La Sociedad Española de Diabetes (SED) ha mostrado su preocupación por la ausencia o retraso en el diagnóstico y monitorización de esta enfermedad. Su presidente, Antonio Pérez, ha comentado que estos factores “limitan la toma de decisiones terapéuticas óptimas. Estas deben estar dirigidas a mejorar el control metabólico y prevenir el desarrollo o progresión de complicaciones potencialmente graves a largo plazo”. “La prolongación de la pandemia y de las restricciones en la atención clínica eficaz agravarán la situación de las personas con diabetes en España”, ha dicho Antonio Pérez, también director de Unidad del Servicio de Endocrinología y Nutrición del Hospital de la Santa Creu i Sant Pau (Barcelona).

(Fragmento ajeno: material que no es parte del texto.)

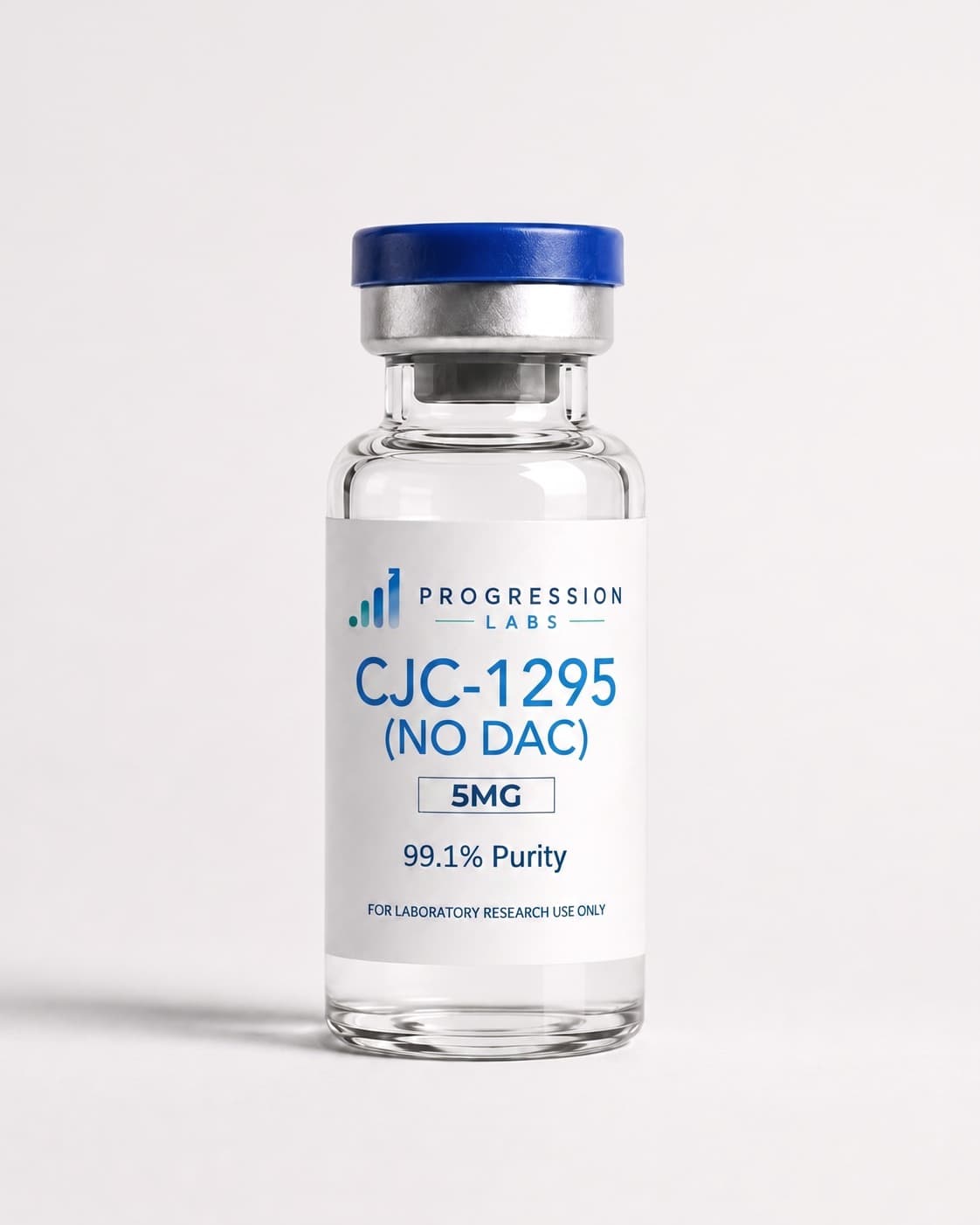 CJC-1295 (No DAC) 5mg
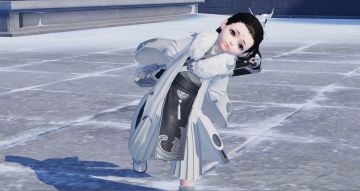 【更新公告】小道长下山！请收下小皮当的斩无极警告！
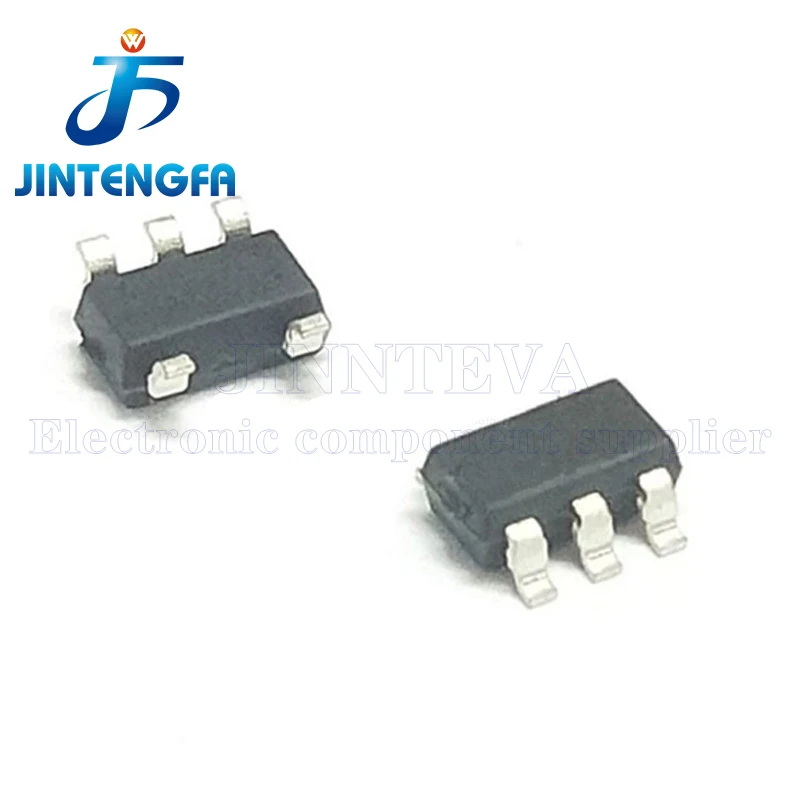 10pcs/lot 74LVC1G32GW 74LVC1G32 SOT23-6 In Stock IC Chipset SOT-353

En su opinión, es “urgente e imprescindible garantizar que los pacientes reciban una atención clínica eficiente”. Esta asistencia debe contemplar las diferentes prestaciones, incluido el despistaje de la enfermedad en las personas de riesgo. También la educación y monitorización del control y de las complicaciones y la adaptación del tratamiento de la diabetes en un contexto de pandemia COVID-19. En concreto, la Sociedad Española de Diabetes ha aconsejado seguir estas recomendaciones tanto en visitas presenciales como en las teleconsultas.

La pandemia ha provocado el cambio de muchas rutinas. El efecto inmediato, según Antonio Pérez, ha sido “la capacidad de estas personas para acceder y recibir atención médica, obtener medicamentos y material de control para la diabetes, así como para mantener un estilo de vida saludable”. “Los datos disponibles indican que incluso una interrupción a corto plazo en la atención habitual que reciben estas personas puede ser catastrófica, especialmente en pacientes mayores, de áreas desfavorecidas y con menor capacidad para la automonitorización y autoajuste del tratamiento”.

La SED analiza los efectos de la pandemia

Los estudios realizados en España en personas con diabetes mellitus tipo 1 (DM1) que utilizan monitorización continua de glucosa o monitorización flash de glucosa muestran que durante la cuarentena no hubo modificaciones. Incluso se obtuvieron efectos beneficiosos sobre el control glucémico. Antonio Pérez ha explicado que “esta mejoría podría deberse a dedicar más tiempo al control de la diabetes. Otro factor podría ser tener horarios más regulares, así como menos estrés relacionado con desplazamientos y el trabajo”. En el aspecto negativo, ha indicado que “estos resultados probablemente no pueden aplicarse a personas con diabetes tipo 1 menos motivados por el control que no utilizan monitorización continua de glucosa y/o cuya situación sociolaboral compite por el tiempo dedicado al manejo de la diabetes”.

La población con diabetes tipo 2 es mucho más heterogénea que la población con DM1, según ha indicado la sociedad científica. La SED se ha referido a aspectos como el tratamiento y la monitorización del control. También hay diversidad en cuanto a la competencia para realizar autoajustes del tratamiento y en la utilización de herramientas que facilitan la consulta remota. Según Antonio Pérez, “la ausencia o reducción de la monitorización y de intensificación del tratamiento conlleva mayor deterioro del control a más largo plazo”.